Homogenization of metasurfaces formed by random resonant particles in periodical lattices

TL;DR

This paper introduces an analytical homogenization method for two-dimensional metasurfaces composed of randomly fluctuating particles, enabling better prediction of their electromagnetic properties despite fabrication imperfections.

Contribution

The paper presents a simple analytical homogenization approach for random metasurfaces with electric dipole responses, validated through numerical modeling.

Findings

Fluctuations increase diffuse scattering in metasurfaces.

The method accurately predicts electromagnetic behavior of random arrays.

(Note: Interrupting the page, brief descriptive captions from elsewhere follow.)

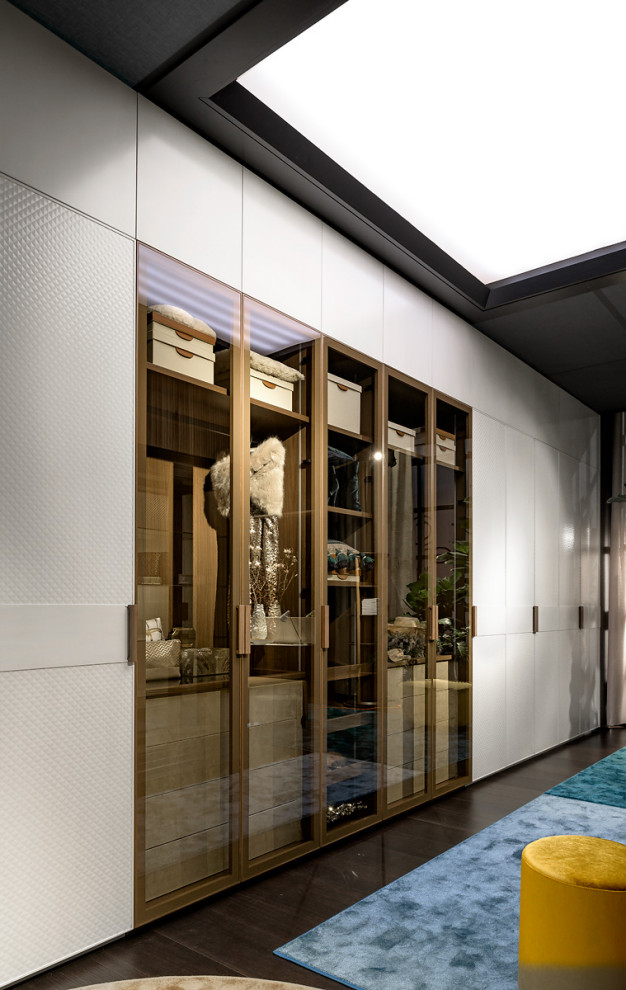 Стильный дизайн: встроенный шкаф среднего размера, унисекс в стиле модернизм с плоскими фасадами, светлыми деревянными фасадами, темным паркетным полом, коричневым полом и деревянным потолком - последний тренд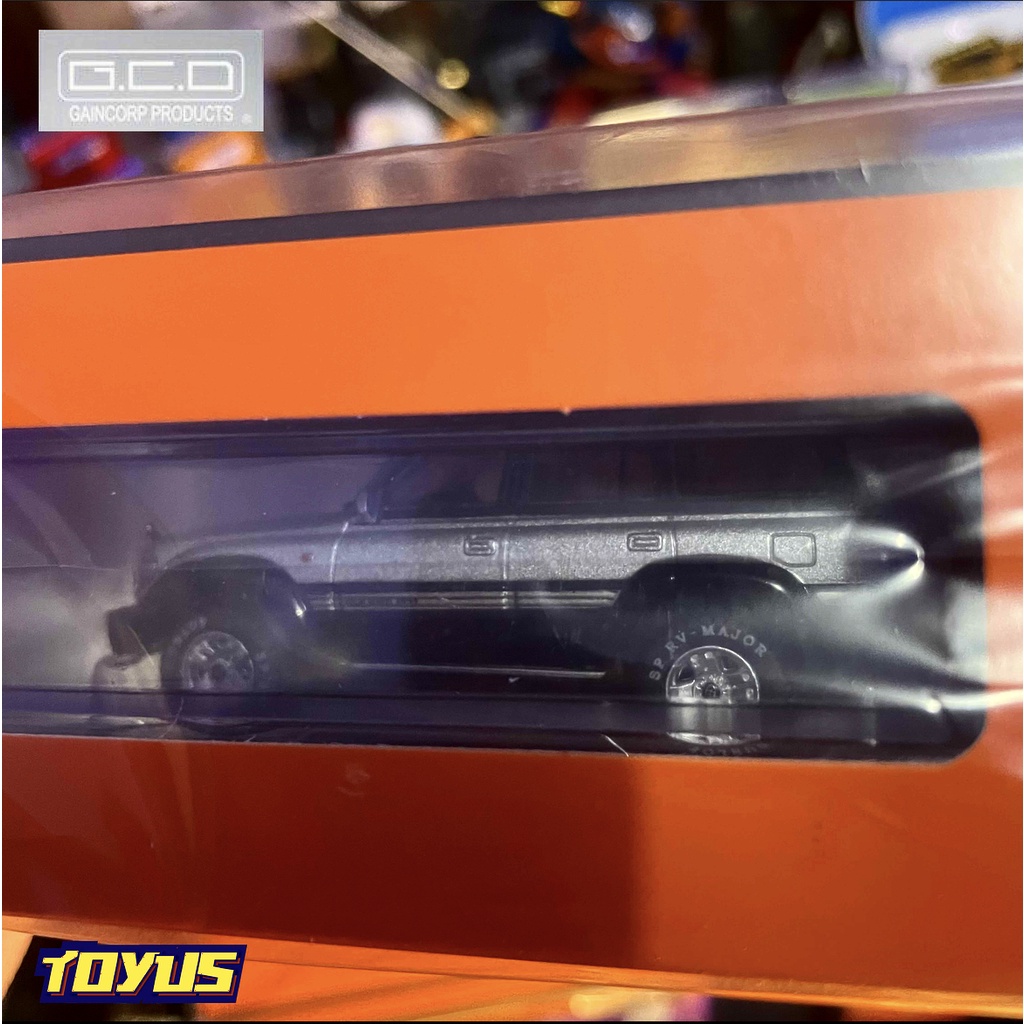 GCD - TOYOTA LAND CRUISER LC80 SILVER BLACK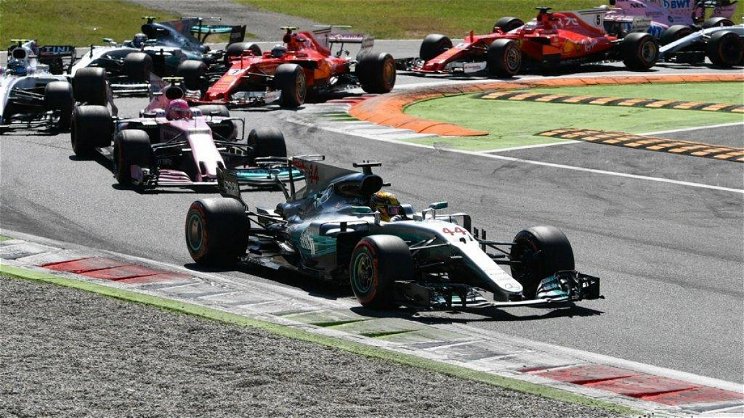 Hamilton nyert Monzában, és átvette Vetteltől az első helyet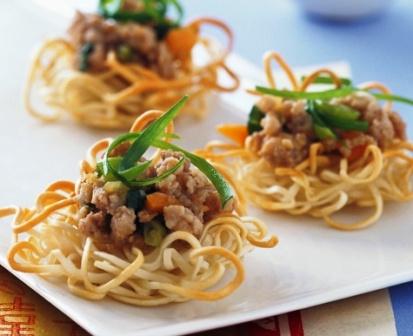 Noodle Cups with Oyster Sauce Chicken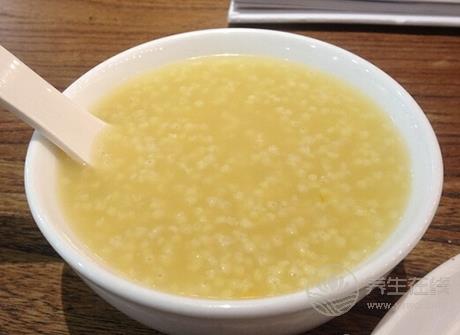 秋冬季養(yǎng)生多吃小米 小米粥怎么煮營(yíng)養(yǎng)更豐富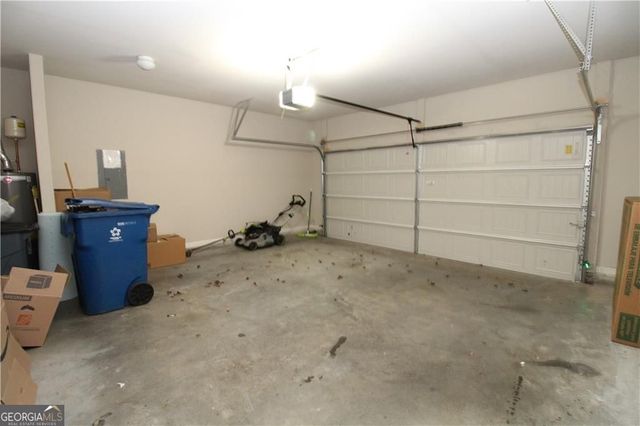 96 Auburn Crossing Drive, Auburn, GA 30011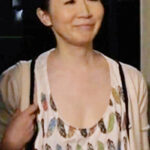 母さん、ボクを誘惑してるんですか？大胆なノースリーブにノ―ブラの母さんがエロ過ぎて我慢出来ずに生ハメSEX！534227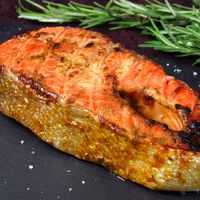 "Para conseguir un pescado perfecto, no engrases la sartén con aceite, engrasa un trozo de papel para hornear", sugieren los cocineros 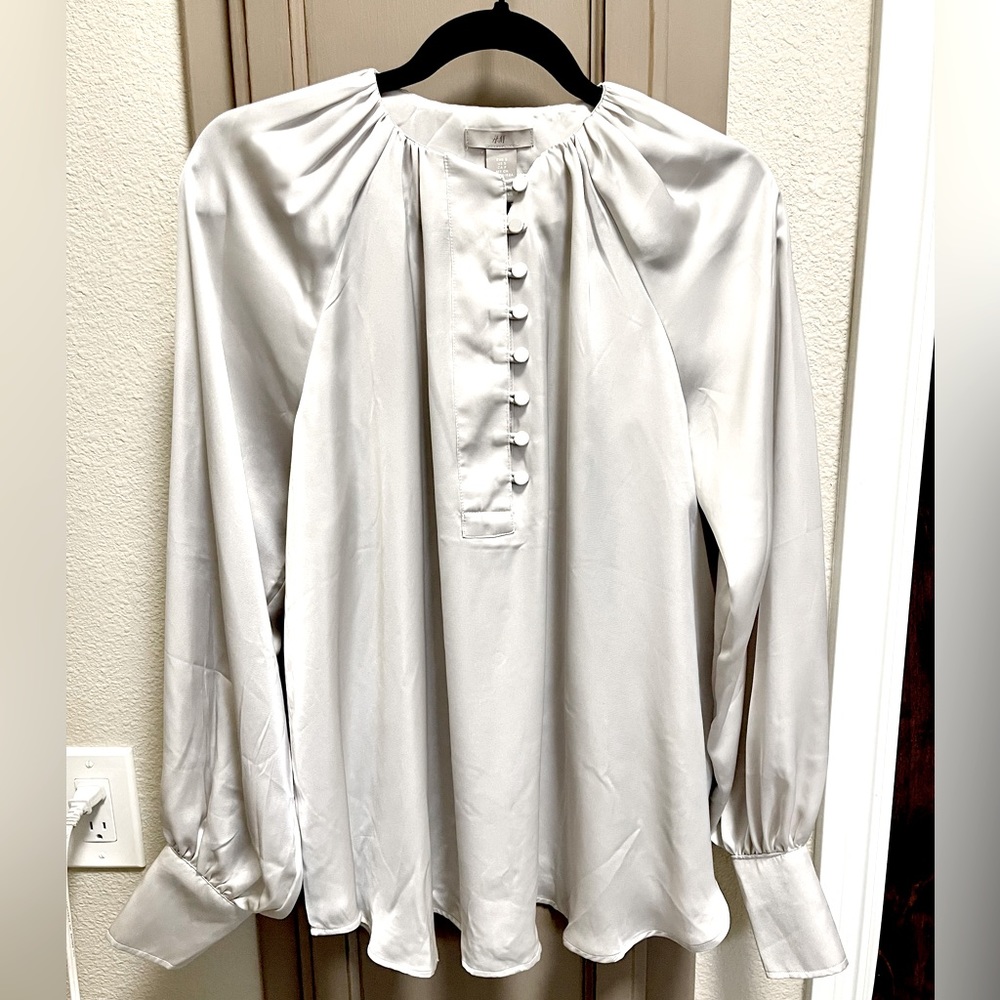 New With Tags H & M Blouse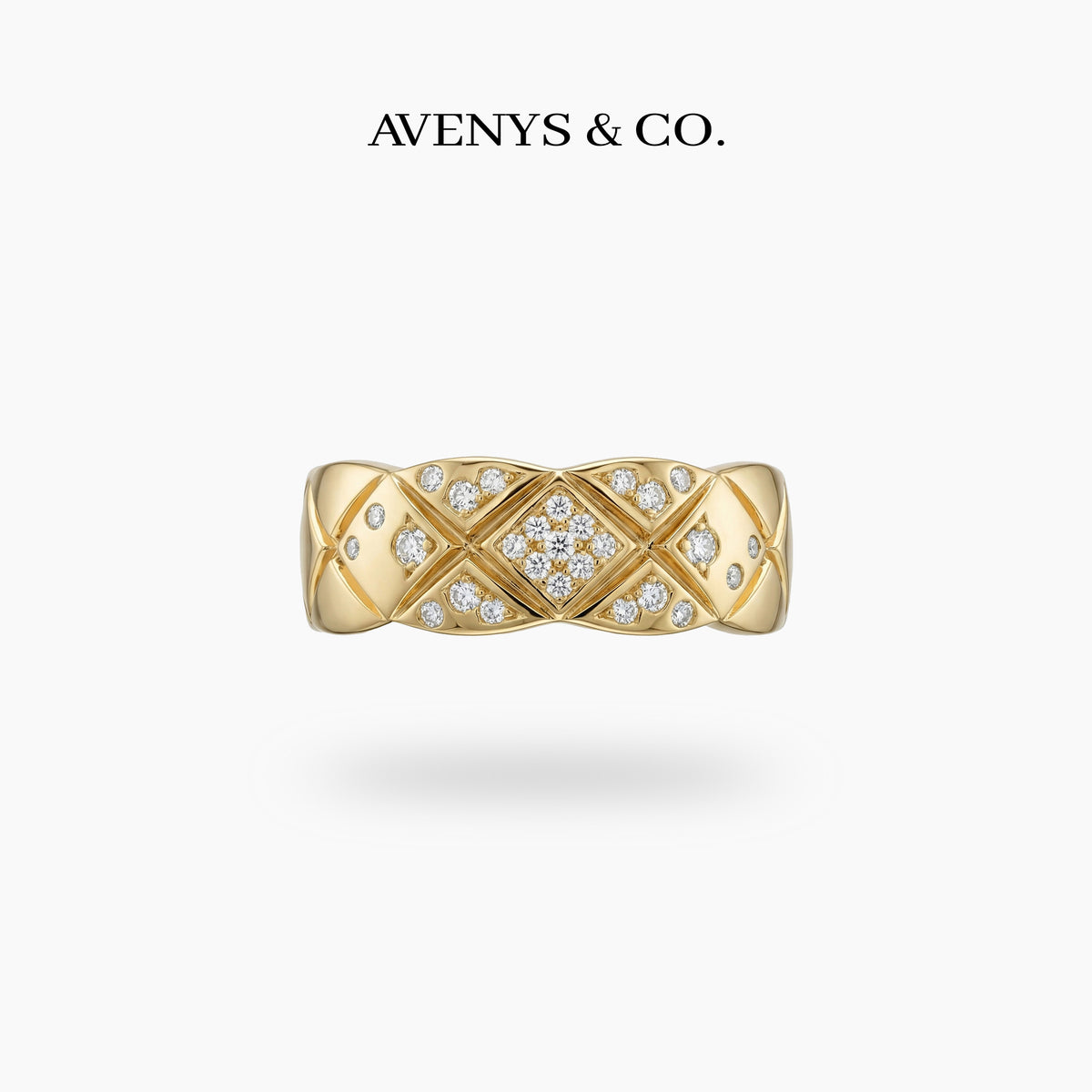 Crush Classic Ring with White Round Stone – on Yellow Gold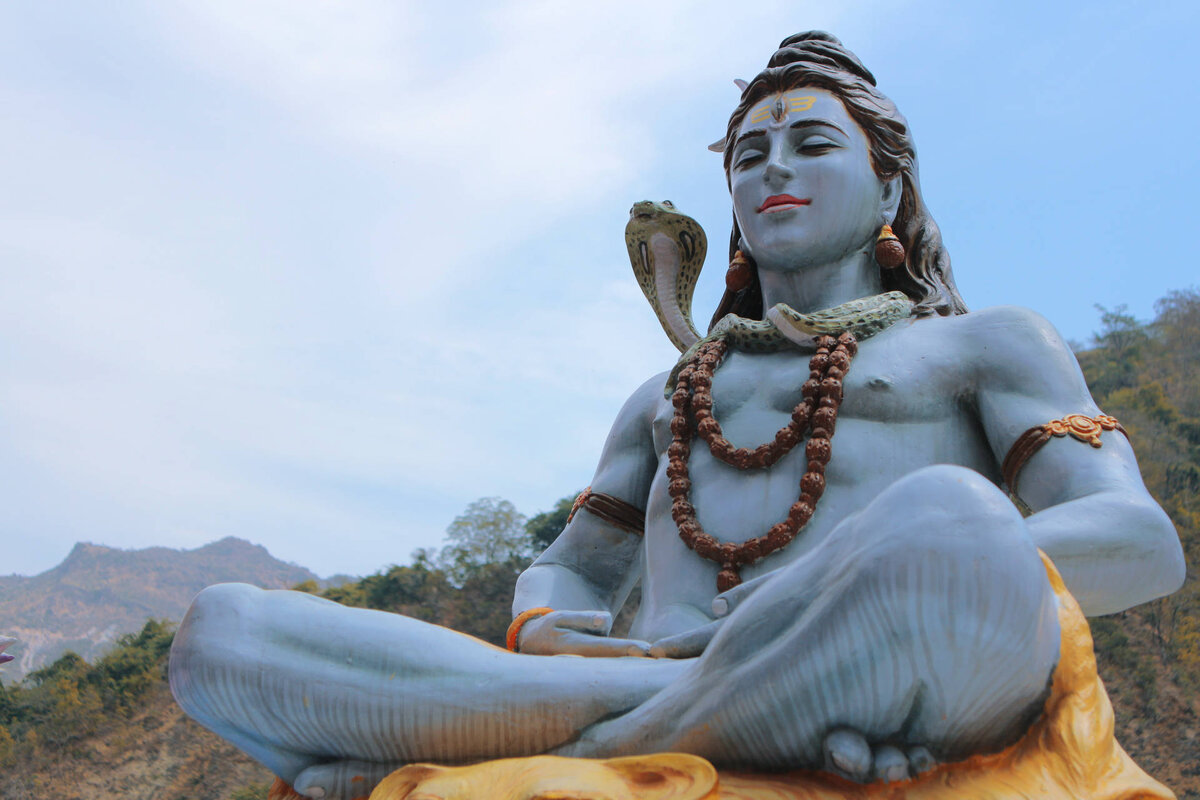 Murti 2025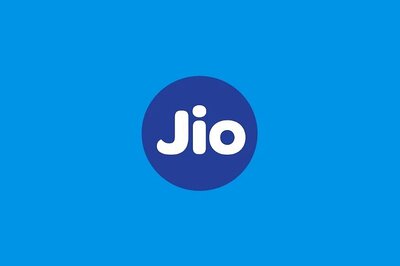 Airtel, Vodafone Shares Rise after Jio's Move to Charge for Calls to Rival Networks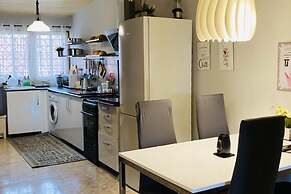 Oheneba Tema - Luxury Hot -tub Retreat With Wi-fi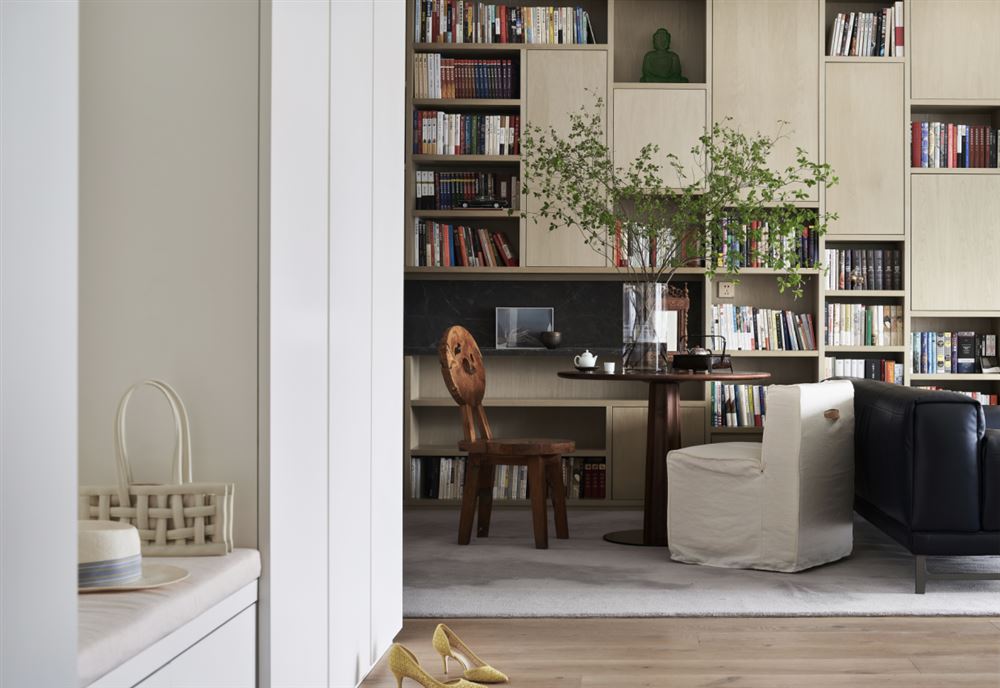 江門(mén)市銀泉花園現(xiàn)代簡(jiǎn)約風(fēng)格三居室裝修案例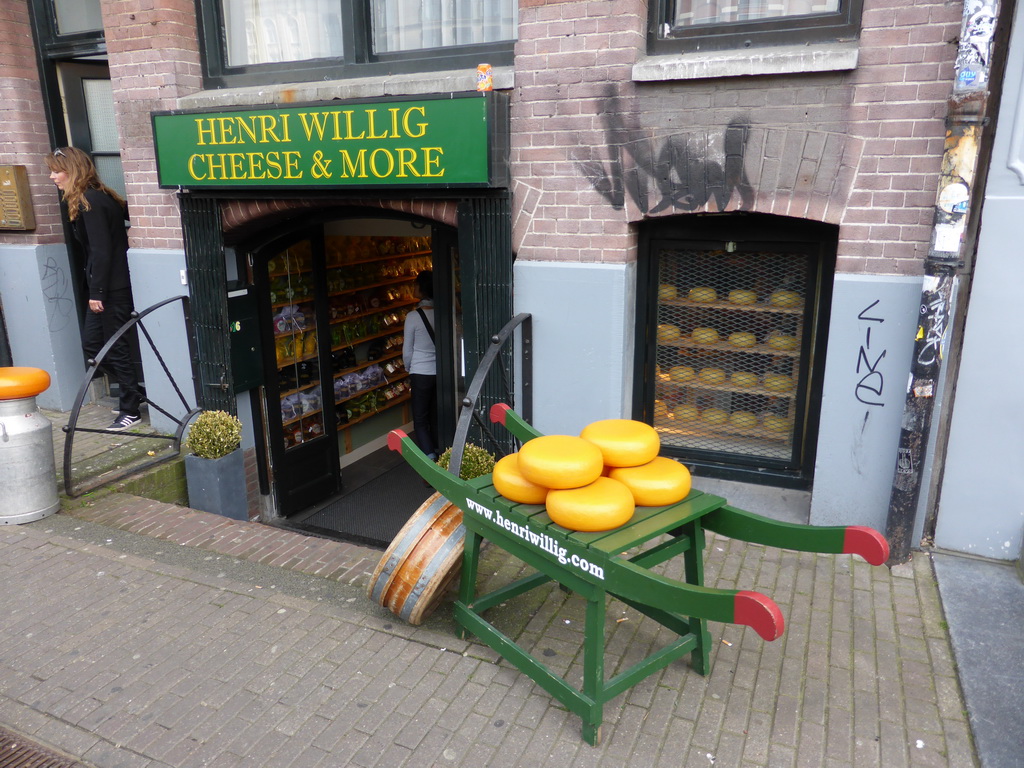 Henri Willig cheese shop at the Singel canal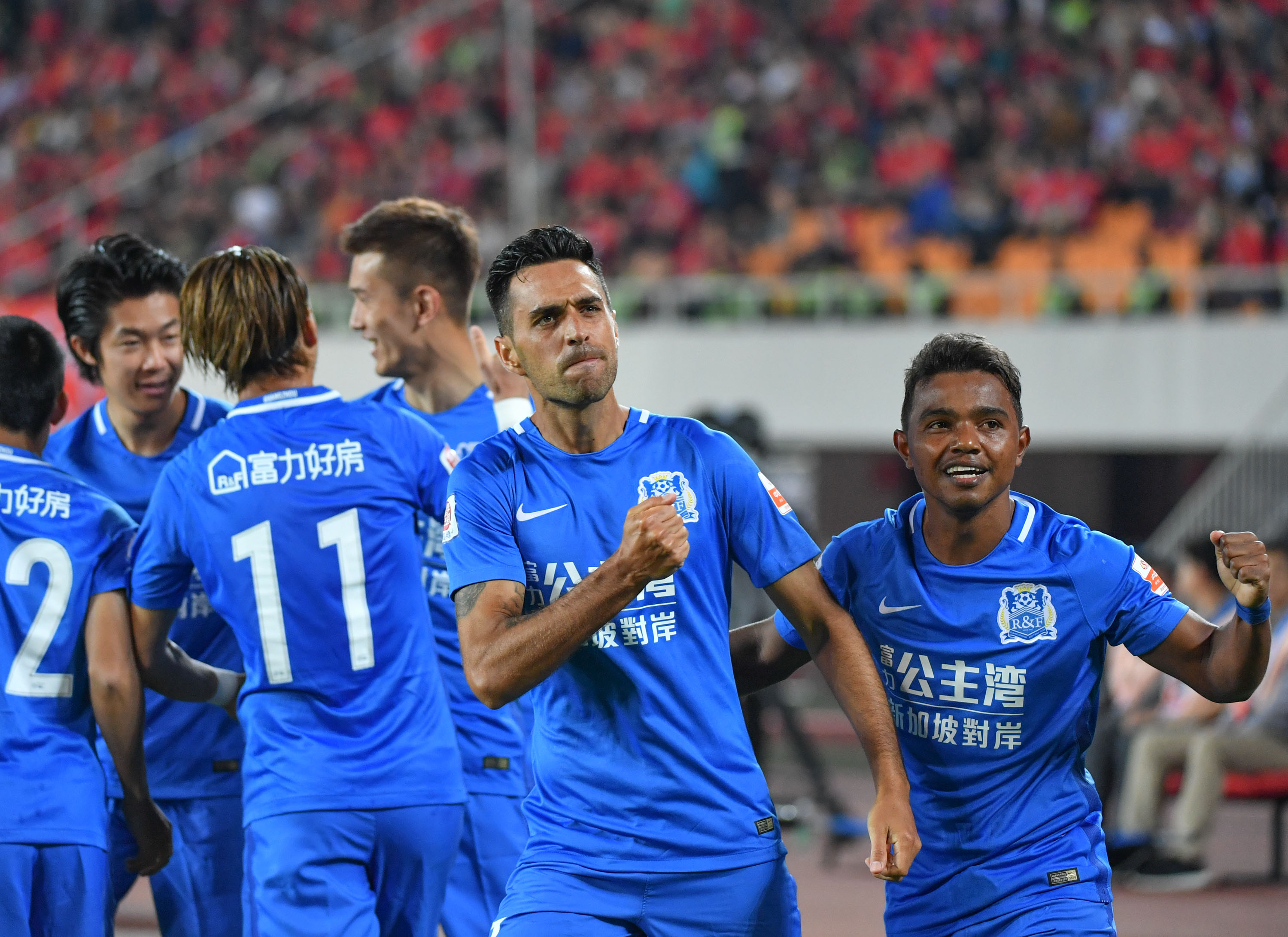 关于广州富力客场大胜,豪取联赛第一,气势如虹的信息 关于广州富力客场大胜,豪取联赛第一,气势如虹的信息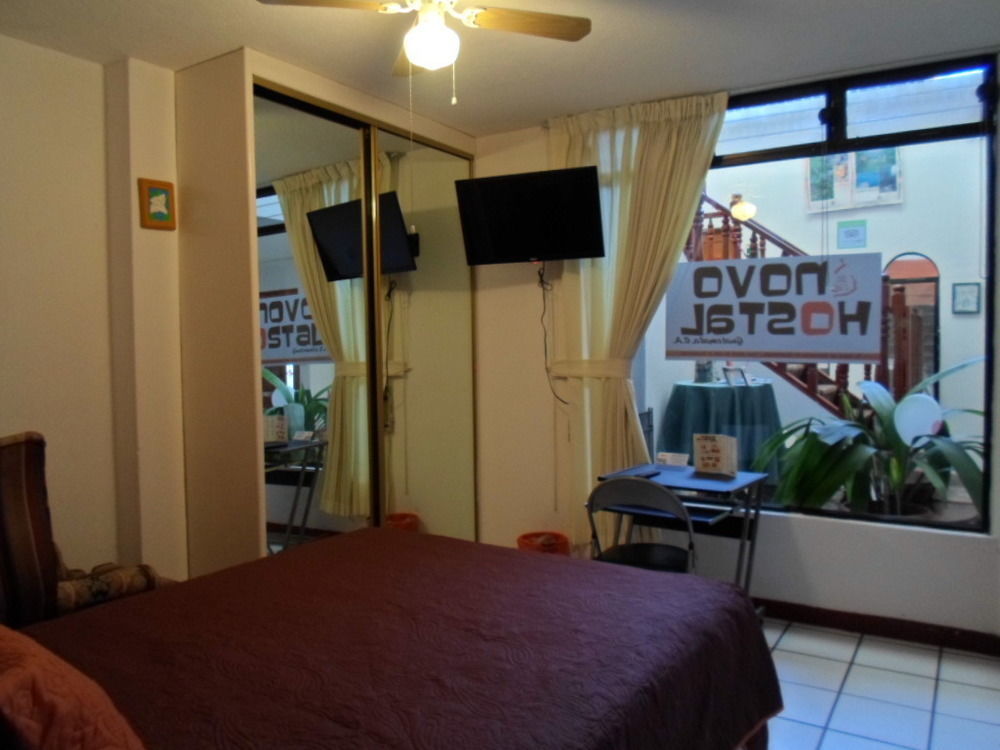 Novohostal B&B Guatemala City Екстер'єр фото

Applicable to oblique incidence and magnetic dipole resonances.

Abstract

In this paper we suggest a simple analytical method for description of electromagnetic properties of a geometrically regular two-dimensional subwavelength arrays (metasurfaces) formed by particles with randomly fluctuating polarizabilities. Such metasurfaces are of topical importance due to development of mass-scale bottom-up fabrication methods, for which fluctuations of the particles sizes, shapes, and/or composition are inevitable. Understanding and prediction of electromagnetic properties of such random metasurfaces is a challenge. We propose an analytical homogenization method applicable for normal wave incidence on particles arrays with dominating electric dipole responses and validate it with numerical point-dipole modeling using the supercell approach. We demonstrate that fluctuations of particles polarizabilities lead to increased diffuse scattering despite the subwavelength lattice constant of the array. The proposed method can be readily extended to oblique incidence and particles with both electric and magnetic dipole resonances.